(What you should do) Could you copy exactly the lines below, beginning at the line with "Travail social : osons" and stopping after the line with "La mafia Irlandaise", with no pictures?

[[ Dataset excerpts, beginning ]]

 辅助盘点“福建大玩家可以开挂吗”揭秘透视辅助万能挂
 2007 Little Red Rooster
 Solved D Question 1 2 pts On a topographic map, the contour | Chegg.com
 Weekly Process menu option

[[ Dataset excerpts, end ]]
[[ Dataset excerpts, beginning ]]

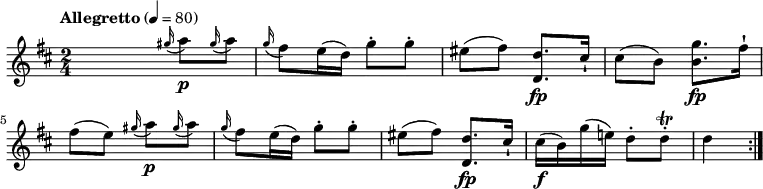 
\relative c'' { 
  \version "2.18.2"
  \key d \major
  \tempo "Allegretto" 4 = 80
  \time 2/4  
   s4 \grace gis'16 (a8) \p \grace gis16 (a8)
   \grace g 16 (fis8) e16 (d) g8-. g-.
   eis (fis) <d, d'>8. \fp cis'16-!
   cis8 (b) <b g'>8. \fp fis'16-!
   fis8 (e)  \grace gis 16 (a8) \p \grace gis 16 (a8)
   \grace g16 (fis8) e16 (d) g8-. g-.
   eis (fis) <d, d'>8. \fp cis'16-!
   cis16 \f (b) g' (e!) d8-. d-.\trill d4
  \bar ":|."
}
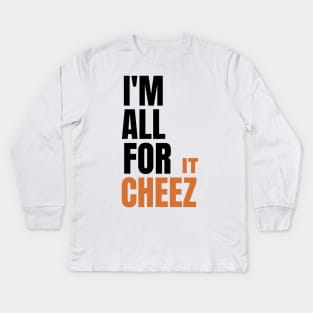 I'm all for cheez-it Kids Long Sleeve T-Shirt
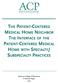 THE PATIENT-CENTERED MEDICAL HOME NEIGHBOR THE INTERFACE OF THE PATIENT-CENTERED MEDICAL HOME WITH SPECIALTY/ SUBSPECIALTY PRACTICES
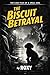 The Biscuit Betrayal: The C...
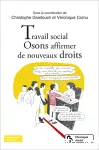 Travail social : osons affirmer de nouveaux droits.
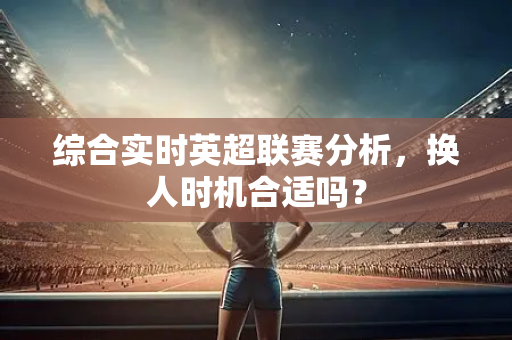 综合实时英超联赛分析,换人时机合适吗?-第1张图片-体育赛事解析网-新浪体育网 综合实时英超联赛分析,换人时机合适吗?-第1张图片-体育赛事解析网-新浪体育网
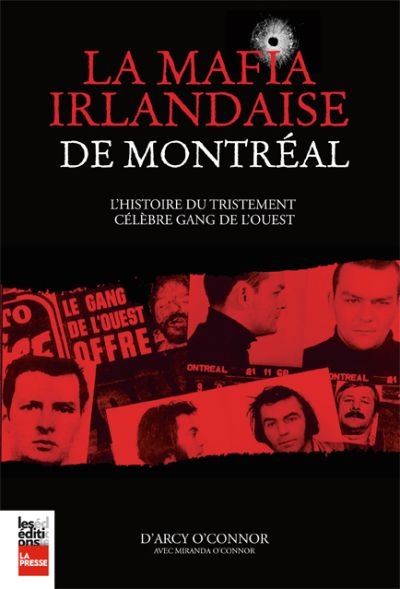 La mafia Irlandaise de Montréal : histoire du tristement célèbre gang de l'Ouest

[[ Dataset excerpts, end ]]

(Result for this task)
 Travail social : osons affirmer de nouveaux droits.
 综合实时英超联赛分析,换人时机合适吗?-第1张图片-体育赛事解析网-新浪体育网 综合实时英超联赛分析,换人时机合适吗?-第1张图片-体育赛事解析网-新浪体育网
 La mafia Irlandaise de Montréal : histoire du tristement célèbre gang de l'Ouest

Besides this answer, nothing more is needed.